* **What to work on**
Starting at the line below with "Used VOX stompLab Effect Processor" and stopping at the line with "Apple iPhone 16 Pro 128GB Bialy Tytan", please print each line exactly, those two included, and skip every picture.

* **Excerpted data**
────────────────────
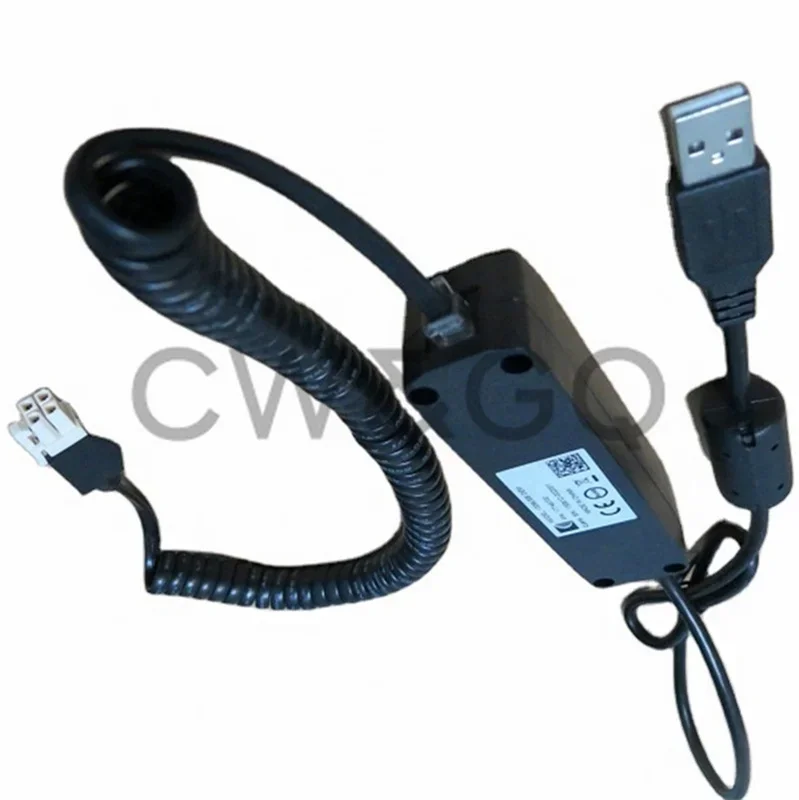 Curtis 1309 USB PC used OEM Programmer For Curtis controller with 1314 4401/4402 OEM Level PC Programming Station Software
────────────────────
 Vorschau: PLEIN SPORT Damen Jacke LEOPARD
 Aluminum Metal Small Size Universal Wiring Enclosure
────────────────────
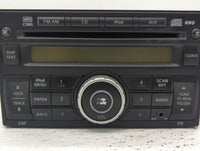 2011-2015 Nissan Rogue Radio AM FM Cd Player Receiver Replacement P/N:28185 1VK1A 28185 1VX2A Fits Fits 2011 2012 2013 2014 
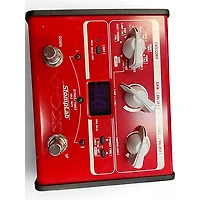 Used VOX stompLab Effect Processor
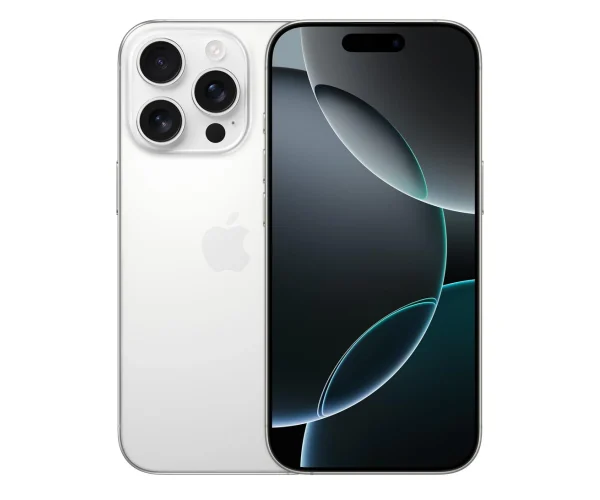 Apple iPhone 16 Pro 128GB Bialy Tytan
────────────────────
* **Response to this exercise**
 Used VOX stompLab Effect Processor
 Apple iPhone 16 Pro 128GB Bialy Tytan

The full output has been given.